Again, forgive me for leaving Edmund and Ludwig for another time, but why cannot all of those “mind” entities - language, behaviour, intention and the like - be explained by the cognitive science and neuropsychology you have also accepted? If you accept the possibility that they can, is this not to accept that an idealist can be a physicalist?

Not at all. I have admitted a common explanation for finding reality how it is… that is, for finding reality how we find it. We have not elimintated our minds from the equation. Clearly minds come in and out of existence. But there is no reality that is not mind-correlative. When I picture Earth as it existed two billion years ago, I still picture it from a perspective as if I was there. I cannot picture reality from a perspective the mind is incapable of taken. As I said above, even god must “see” objects perspectively, or he is not seeing what we call objects. Trivial semantic point or the very thing on which my presentation hinges? :slight_smile:

A fascinating question it will take minds to answer in a way that makes sense to minds. Do keep me posted. :wink:

I didn’t say they couldn’t be explained. I said the mind couldn’t be discarded. The very thing we are calling “the brain” is quite clearly a transcendental object we have shown to be strongly if not completely tied to intersubjective (and possibly subjective) behavior. This fact in no way suggests that “the brain” is not a transcendental object grasped by the mind. The destruction of a brain and the corresponding absence of behavior by the being whose brain it was neither suggests nor demands that his reality, like ours, is one consisting of transcendental objects grasped by the mind. Whether there is some underlying cause or not is not necessary for explaning phenomena. So I discard it. Matter is the aether of ontology for me. Epistemologically, it serves no explanatory role. I have no problem suggesting that “the earth was around before I was.” But I do have a problem suggesting that the transendental object “the Earth” is not a mind-correlative object. Again, minds don’t “make” reality; reality is not constituted of mind. I fully believe that there is a reality common to us all; in fact, I assert it as such in order to leave solipsism which has no explanatory power, or at least is only a degenerate solution. I see no way to escape that all explanatory power of this reality is correlated strictly to mental activity, specifically the mental activity of grasping transcendental objects from a manifold of sensation. I feel that is as far as we are justified in taking metaphysical analysis, and thankfully, I feel its explanatory power is sufficient to account for the natural sciences and other such investigations.

They are opposite ends of the spectrum from the get go. One posits that all reality is mind-correlative, and one posits that all reality is mind-independent. If ever there were a larger divide, I’m not sure what it would be. If you are wondering why we can accept the same science when our metaphysics is so different, you will see why I stress the explanatory power given by knowledge and epistemology and distinguish that from ontological modes of existence which have no explanatory power. Now, were I a positivist, I might brush aside the ontological questions entirely; but I am not. I think metaphysical questions must be answered in some way if for no other reason than how they frame the way we approach descriptions of events. Some might say that if we know the same things then the metaphysics is unimportant. Some say.

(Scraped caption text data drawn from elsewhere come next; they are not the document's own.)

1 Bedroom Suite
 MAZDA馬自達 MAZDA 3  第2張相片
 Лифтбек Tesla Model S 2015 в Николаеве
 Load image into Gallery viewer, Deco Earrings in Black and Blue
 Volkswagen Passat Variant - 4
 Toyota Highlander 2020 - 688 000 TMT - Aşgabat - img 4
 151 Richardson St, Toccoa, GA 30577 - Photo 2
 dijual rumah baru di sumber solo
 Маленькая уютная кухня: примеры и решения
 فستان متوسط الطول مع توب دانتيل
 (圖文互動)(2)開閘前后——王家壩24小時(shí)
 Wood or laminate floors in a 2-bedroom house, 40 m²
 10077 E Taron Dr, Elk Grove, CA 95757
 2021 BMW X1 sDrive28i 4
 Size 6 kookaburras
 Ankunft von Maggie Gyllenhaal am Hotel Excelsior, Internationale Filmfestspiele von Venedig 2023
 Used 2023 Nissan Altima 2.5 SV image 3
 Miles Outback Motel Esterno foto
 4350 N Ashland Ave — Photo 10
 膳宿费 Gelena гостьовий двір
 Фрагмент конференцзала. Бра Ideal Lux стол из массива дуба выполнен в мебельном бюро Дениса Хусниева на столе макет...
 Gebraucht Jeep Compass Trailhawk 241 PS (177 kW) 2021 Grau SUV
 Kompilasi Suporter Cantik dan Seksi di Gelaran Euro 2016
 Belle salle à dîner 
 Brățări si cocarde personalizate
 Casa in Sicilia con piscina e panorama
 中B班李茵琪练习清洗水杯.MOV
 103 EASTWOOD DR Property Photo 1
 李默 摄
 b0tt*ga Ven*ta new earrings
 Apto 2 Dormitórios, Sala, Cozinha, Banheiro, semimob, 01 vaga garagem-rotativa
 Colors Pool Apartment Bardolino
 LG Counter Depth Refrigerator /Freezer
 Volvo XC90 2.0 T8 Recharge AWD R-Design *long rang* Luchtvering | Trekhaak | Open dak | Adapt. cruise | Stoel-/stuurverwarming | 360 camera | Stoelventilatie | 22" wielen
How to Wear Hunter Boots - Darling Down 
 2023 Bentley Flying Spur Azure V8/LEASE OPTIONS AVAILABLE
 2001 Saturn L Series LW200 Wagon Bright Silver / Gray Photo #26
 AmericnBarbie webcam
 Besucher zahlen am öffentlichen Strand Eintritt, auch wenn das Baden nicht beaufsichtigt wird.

Sentient, let’s take a nice example from science: the quark. You or I shall never, given the abilities of quarks under the current theory, see, touch, taste, hear, or smell a quark, nor shall we ever know someone who has, nor etc. Now, there are two ways we can approach quarks:

  1. They are primarily an explanatory device: hypothetical objects meant to explain observed phenomena. It is not necessary to assert their existence to use their idea to explain observed phenomena.
  2. They are real things that exist independent of our conception of them, of which our conceptions only hope to approximate, and which are what they are regardless of what we think about them. If we don’t think they’re real, we can’t “really” explain what is going on.

Either perspective allows science to be performed, since science is primarily a methodology of prediction and testing coupled with selection criteria. It requires no prior commitment to the independence of objects from the investigation, as far as I can see. So I choose option (1) which I find easier to accept for reasons I’ve outlined already.

Hi Eris,

Since I’ve seen the word “mind” used to denote “thinking”, “awareness”, “consciousness”, “information processing”, and 50,000 other similar-but-not-necessarily-the-same concepts, I was wondering if you would give us a definition (or description) of what you’re referring to when you refer to “mind”.

Also, instead of saying

wouldn’t it be more a more accurate reflection of your philosophy to say “Clearly, observable mind-correlated behaviors come in and out of existence”? Or have I been misreading you?

Lib,
You said:

You left out “… the human mind can conceive of that which does not exist”. This was deliberate, right?

(Hey, I’ve been away from the boards for a looooong time. May I ask why/when you changed your username?)